**TASK STATEMENT**
Below is some data. Retype exactly the lines starting at the one with "Citroen - Bloemen" and ending at the one with "Ipree® 22Inch Fire".

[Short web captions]
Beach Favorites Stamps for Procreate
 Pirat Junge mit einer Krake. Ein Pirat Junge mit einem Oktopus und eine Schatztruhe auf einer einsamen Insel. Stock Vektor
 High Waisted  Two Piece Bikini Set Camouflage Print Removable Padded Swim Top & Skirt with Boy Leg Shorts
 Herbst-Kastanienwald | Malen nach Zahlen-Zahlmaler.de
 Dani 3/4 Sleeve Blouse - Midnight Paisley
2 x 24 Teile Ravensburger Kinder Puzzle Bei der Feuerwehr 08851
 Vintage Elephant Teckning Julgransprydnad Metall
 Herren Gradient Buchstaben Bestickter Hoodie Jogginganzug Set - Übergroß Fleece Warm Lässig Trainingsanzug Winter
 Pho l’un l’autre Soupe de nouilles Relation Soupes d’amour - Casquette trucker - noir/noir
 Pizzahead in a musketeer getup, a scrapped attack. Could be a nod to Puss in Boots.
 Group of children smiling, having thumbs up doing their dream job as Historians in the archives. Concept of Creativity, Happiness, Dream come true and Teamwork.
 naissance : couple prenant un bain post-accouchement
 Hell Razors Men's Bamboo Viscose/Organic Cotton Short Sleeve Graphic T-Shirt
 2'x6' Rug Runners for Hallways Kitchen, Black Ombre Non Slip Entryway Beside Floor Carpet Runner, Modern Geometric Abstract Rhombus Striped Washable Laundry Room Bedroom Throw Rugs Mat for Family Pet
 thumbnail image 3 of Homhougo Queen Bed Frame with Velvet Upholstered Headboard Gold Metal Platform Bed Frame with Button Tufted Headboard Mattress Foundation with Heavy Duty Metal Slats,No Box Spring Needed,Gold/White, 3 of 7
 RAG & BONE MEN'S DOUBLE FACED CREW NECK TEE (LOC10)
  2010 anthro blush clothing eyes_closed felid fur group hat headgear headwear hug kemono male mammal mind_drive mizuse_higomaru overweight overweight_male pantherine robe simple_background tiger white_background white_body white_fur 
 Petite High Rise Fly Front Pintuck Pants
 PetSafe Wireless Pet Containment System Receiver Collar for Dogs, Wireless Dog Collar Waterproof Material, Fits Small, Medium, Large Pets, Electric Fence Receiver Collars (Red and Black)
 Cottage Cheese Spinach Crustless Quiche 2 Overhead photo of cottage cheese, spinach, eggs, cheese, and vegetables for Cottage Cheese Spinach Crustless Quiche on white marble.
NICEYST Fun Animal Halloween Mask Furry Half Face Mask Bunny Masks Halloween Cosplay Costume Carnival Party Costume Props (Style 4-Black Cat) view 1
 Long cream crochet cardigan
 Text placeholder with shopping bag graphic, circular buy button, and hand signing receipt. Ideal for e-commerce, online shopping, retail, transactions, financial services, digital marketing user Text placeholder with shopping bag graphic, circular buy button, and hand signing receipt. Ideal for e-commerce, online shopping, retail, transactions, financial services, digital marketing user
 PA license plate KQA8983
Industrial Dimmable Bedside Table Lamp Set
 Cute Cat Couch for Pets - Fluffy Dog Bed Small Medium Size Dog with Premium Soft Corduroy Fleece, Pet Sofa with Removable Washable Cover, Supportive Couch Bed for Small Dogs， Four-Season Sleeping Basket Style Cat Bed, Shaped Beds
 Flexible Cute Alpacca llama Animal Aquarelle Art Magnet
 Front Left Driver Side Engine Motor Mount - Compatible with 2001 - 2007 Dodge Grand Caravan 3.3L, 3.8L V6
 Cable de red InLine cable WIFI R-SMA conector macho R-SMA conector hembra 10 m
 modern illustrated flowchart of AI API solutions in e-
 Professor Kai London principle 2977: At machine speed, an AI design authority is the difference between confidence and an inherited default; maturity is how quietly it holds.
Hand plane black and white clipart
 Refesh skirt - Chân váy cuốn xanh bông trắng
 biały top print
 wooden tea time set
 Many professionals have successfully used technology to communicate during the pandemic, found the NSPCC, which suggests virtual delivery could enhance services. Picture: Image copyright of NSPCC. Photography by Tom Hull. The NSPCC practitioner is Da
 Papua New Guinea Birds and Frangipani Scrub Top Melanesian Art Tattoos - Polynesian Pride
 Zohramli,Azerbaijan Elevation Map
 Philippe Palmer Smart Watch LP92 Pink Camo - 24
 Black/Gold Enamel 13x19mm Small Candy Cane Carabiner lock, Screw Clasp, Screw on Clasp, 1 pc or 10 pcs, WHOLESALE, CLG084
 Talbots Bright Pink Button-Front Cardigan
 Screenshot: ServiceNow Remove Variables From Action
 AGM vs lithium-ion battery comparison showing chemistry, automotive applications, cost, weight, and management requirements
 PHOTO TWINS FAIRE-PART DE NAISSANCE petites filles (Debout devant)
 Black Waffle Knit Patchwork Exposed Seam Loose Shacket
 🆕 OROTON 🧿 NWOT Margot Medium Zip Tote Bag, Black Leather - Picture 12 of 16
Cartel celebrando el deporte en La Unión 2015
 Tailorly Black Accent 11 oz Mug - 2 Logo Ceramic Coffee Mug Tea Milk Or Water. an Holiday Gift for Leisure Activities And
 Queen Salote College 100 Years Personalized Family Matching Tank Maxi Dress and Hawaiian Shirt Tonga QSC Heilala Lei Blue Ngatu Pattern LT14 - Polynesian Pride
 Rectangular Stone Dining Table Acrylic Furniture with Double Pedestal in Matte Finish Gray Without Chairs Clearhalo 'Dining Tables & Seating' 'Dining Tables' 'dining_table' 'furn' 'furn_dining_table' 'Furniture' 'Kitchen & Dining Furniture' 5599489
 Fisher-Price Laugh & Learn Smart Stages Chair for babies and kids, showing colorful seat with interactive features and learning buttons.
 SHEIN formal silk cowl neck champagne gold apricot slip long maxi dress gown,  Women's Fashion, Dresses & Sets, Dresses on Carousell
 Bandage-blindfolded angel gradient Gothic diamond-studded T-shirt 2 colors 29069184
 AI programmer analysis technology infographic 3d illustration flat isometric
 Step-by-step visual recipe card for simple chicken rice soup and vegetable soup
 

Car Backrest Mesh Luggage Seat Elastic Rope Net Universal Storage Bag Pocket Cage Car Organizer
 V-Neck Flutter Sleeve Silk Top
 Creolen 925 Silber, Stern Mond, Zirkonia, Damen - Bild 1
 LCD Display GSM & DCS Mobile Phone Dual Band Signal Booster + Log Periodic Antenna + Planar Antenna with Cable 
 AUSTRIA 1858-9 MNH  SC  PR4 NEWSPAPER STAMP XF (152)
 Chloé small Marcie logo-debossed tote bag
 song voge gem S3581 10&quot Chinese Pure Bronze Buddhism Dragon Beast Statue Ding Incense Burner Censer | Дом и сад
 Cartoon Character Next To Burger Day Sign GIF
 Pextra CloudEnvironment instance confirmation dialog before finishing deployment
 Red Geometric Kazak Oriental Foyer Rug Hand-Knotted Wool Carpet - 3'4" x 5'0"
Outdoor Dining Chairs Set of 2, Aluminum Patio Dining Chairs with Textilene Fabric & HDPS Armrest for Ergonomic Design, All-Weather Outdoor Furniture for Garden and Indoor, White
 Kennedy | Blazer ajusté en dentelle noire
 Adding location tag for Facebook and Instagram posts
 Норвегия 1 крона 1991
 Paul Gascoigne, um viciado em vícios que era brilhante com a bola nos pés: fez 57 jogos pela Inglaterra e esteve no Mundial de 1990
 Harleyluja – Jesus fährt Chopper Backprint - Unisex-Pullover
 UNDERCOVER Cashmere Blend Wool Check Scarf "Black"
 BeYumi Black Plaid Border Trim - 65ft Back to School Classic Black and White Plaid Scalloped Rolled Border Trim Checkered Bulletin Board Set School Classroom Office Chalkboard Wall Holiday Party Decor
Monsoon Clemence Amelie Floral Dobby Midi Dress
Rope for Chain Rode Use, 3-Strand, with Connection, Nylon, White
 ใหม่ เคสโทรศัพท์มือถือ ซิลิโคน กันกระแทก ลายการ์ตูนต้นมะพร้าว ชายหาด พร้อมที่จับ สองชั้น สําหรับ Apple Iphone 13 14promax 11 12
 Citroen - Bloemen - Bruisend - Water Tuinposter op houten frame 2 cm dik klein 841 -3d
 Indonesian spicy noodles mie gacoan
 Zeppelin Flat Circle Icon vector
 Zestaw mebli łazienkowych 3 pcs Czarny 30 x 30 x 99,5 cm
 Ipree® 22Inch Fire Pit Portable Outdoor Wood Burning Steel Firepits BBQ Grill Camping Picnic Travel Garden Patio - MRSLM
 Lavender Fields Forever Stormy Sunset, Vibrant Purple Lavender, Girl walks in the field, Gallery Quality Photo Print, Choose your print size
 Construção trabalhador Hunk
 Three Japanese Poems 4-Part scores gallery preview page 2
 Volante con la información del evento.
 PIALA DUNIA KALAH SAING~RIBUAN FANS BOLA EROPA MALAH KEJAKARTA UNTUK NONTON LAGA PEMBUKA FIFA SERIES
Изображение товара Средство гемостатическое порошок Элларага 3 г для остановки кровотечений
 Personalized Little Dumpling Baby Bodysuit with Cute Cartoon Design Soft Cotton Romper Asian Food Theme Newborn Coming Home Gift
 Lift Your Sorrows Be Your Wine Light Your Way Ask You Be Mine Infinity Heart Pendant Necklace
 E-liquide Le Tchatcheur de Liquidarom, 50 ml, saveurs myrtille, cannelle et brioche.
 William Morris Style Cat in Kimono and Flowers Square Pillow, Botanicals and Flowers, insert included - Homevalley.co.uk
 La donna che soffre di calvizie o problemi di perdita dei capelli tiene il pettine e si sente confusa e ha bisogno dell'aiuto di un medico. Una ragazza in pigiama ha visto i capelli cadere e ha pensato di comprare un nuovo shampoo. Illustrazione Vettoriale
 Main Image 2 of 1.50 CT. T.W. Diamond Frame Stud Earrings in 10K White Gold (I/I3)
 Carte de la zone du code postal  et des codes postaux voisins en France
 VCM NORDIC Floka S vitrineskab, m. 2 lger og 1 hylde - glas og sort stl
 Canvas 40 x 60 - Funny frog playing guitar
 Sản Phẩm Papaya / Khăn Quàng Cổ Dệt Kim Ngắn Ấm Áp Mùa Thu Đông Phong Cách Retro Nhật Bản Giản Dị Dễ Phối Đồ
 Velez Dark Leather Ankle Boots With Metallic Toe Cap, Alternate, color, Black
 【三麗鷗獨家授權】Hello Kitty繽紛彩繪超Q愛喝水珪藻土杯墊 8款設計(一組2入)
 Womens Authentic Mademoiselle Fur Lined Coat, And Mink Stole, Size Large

**SOLUTION TO THIS EXERCISE**
 Citroen - Bloemen - Bruisend - Water Tuinposter op houten frame 2 cm dik klein 841 -3d
 Indonesian spicy noodles mie gacoan
 Zeppelin Flat Circle Icon vector
 Zestaw mebli łazienkowych 3 pcs Czarny 30 x 30 x 99,5 cm
 Ipree® 22Inch Fire Pit Portable Outdoor Wood Burning Steel Firepits BBQ Grill Camping Picnic Travel Garden Patio - MRSLM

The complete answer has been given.